UMBC CMSC 491/691-I Fall 2002 Home  |  News  |  Syllabus  |  Project   ]
Last updated: 11 December 2002

Information Retrieval

T-Th 5:30-6:45pm
PHYS 201
Dr. Ian Soboroff
ian@cs.umbc.edu

This course is an introduction to the theory and implementation of software systems designed to search through large collections of text. Ever wonder how World-Wide Web search engines work? Ever wondered why they don't? You'll learn about it here. Information retrieval (IR) is one of the oldest branches of computer science, and has influenced nearly every aspect of computer usage: "search and replace" in a word processor, querying a card catalog, grep'ing through your source code, filtering the spam out of your email, searching the Web.

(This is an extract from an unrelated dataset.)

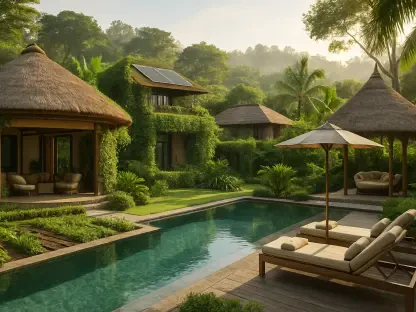 Wellness and Sustainability Redefine Luxury Resorts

This course will have two main thrusts. The first is to cover the fundamentals of IR: retrieval models, search algorithms, and IR evaluation. The second is to give a taste of the implementation issues by having you write (a good chunk of) your own text search engine and test it out on a sample text collection. This will be a semester-long project, details TBA.

You will need to have taken the equivalent of CMSC 341 (Data Structures), and an algorithms course (441 or 641) is recommended. Linear algebra (MATH 221) and Statistics (STAT 355) are recommended but not required; they give background which will be helpful in understanding many IR concepts. Undergraduates will be expected to cover the basic material in the textbook and the programming project. Graduate students will also be expected to read additional papers (indicated in class), and implement something in their project from at least one of them.

News

11 Dec

Class on Thursday, 12/12 will go from 6-8pm. This is the time scheduled for a final exam, but we will use that time for class presentations.


5 Dec

Classes are cancelled today at UMBC, so today's presentations will take place on Tuesday, and Tuesday's presentations will take place next Thursday. See the presentation page for details.


8 Nov

We will have class on Tuesday night, 12 November. Dr. Scott Cost will be speaking on agent-based IR and the CARROT-II project.

The schedule of project presentations has been posted.

Both umbc-crawl-2 and the new Reuters Corpus rcv1 are now available under /data/nicholas2/ian


7 Nov

Homework 6, due on Thursday, Nov 14, is finally out and will be discussed in class tonight. Note that this homework involves the new umbc-crawl-2 collection!


22 Oct

Homework 5 is out and will be discussed in class tonight. On Thursday, Dr. Charles Nicholas will be giving a talk on latent semantic indexing.


17 Oct

Homework 4 and Phase III of the project will both be discussed this evening. HW4 is due on Tuesday, 22 October.


15 Oct

The syllabus has been rearranged. Some topics have been shuffled, and Phase III project proposals will be due 10/31.


24 Sep

Homework 3 is out, due Tuesday, 1 October.


19 Sep

Solutions for Homework 2 have been posted.


12 Sep

Homework 2 is out and is due on Tueday, 17 September.


11 Sep

Solutions for Homework 1 have been posted. There is a bug fix in my solution to question 4.


3 Sep

Homework 1 is out, and due next Tuesday, 10 Sep. I will go over the instructions in class tonight. I am planning to release phase 1 of the project on Thursday.

The permissions should now be set properly for you to access the collections in /data/nicholas2/ian. Please let me know if there are any problems.


27 Aug

The course is fully enrolled (with more than 30 students), and there is a hold list of at least 20 more students last I checked. Please come to the first class and speak with me if you are on the hold list.